BRUITAGE. (suite)
Il arrive aussi que l'on utilise des bruits tout faits, puisés dans des sonothèques, c'est-à-dire des collections de sons, sur bande magnétique ou sur disque numériques (CD audio), constituées à cet usage. Ces bruits présentent généralement l'inconvénient d'être assez stéréotypés.
Quant aux ambiances continues destinées à soutenir une scène longue (bruit de la mer, par exemple), elles sont souvent générées grâce à une courte longueur de bande magnétique montée en boucle. En contrepartie des économies de temps et de bande ainsi réalisées, cette formule souffre de procurer une certaine monotonie.
Paradoxalement, le silence figure parmi les ambiances. En effet, même en l'absence de dialogue ou de bruit caractérisé, chaque lieu possède un bruit de fond propre, ne serait-ce que la respiration et les petits mouvements des personnes présentes sur le plateau multipliés par l'acoustique du local. Il ne suffit donc pas d'intercaler un fragment de bande vierge pour obtenir le silence vivant d'un lieu : l'oreille reconnaîtrait aussitôt un silence technique. Il faut enregistrer, sur le lieu de tournage, des silences (en studio, on parle de « silence plateau ») dans lesquels on puisera au montage pour combler les intervalles entre les répliques ou les bruits.

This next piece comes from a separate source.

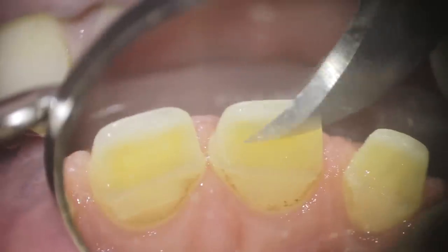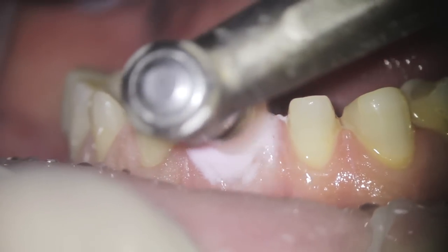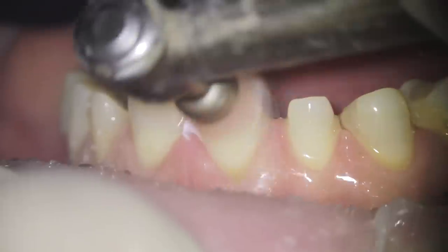Deformation and distortion are the worst enemies during the impression. You want a rigid tray or a custom tray. You must inspect the impression very well, because if you cannot see the margins, the lab won't see them either. A good lab can make a great restoration if they see the margins, even if the preparation isn't perfect. But even the best lab in the world can do nothing with a bad impression. So inspect it carefully, and if there are areas where you cannot see the margin, just redo it — it will make your life easier.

Finalement, les bruits qui accompagnent les images sont rarement les bruits captés au moment du tournage en même temps que les images et les voix. La notion de son direct, ici, n'a pas tellement de sens. Robert Bresson raconte, à propos de son film Pickpocket, que les bruits de Paris, « imprimés directement sur la bande magnétique, n'avaient donné qu'un affreux embrouillamini ». Il lui fallut donc les recomposer afin de les rendre audibles. (Bresson méritait d'être cité ainsi que J. Tati – dont les films demeurent des modèles du genre – pour leur conception particulièrement créative du bruitage.)
Curieusement (ou plutôt : logiquement), c'est dans les films de genre (action, policier, fantastique, science-fiction) que le bruitage a pris une importance nouvelle et a fait l'objet d'une véritable invention, pour renforcer les effets visuels (films de poursuites, de combats) ou bien pour imposer la réalité d'un univers fantastique (dans la science-fiction ou le fantastique : bruitages de machines imaginaires, d'animaux ou de créatures extraterrestres). L'utilisation, dans un nombre croissant de films, de sons numériques spatialisés n'ayant pas d'équivalence parmi les sons naturels, a fait apparaître des prestataires de services spécialisés proposant la création de ces « sons spéciaux ».
D'une façon générale, n'oublions pas que la réussite d'une cascade repose en grande partie sur la qualité du bruitage. ( CASCADE.)
Le bruitage existait de manière sporadique au temps du cinéma... muet : bruitages effectués pendant la projection ou bien effets sonores enregistrés sur disques. Aux débuts du parlant, le bruitage s'effectuait souvent au moment même du tournage, jusqu'à ce que les progrès techniques permettent le mixage et donc l'enregistrement séparé des divers éléments sonores.
La généralisation des équipements numériques et la mise en réseau des données son à l'intérieur d'un même établissement entre le montage et le mixage, associé à l'utilisation d'équipements d'enregistrement sur disque durs compatibles pour les travaux de montage, d'enregistrement (bruitages et post-synchronisation) et de mixage a modifié les procédures de travail pour la constitution de la « bande effets » des films. Encore que cette dénomination n'ait plus le même sens aujourd'hui, puisqu'il n'existe plus de bande physique où se trouvent enregistrés l'ensemble des effets. Malgré ces évolutions, le travail du bruiteur pour recréer les bruits reste toujours aussi pittoresque, seuls les équipements techniques ont notablement évolué, car il est possible d'enregistrer, en parallèle, un nombre important de pistes, ce qui n'était pas le cas avec les équipements analogiques à bandes perforées.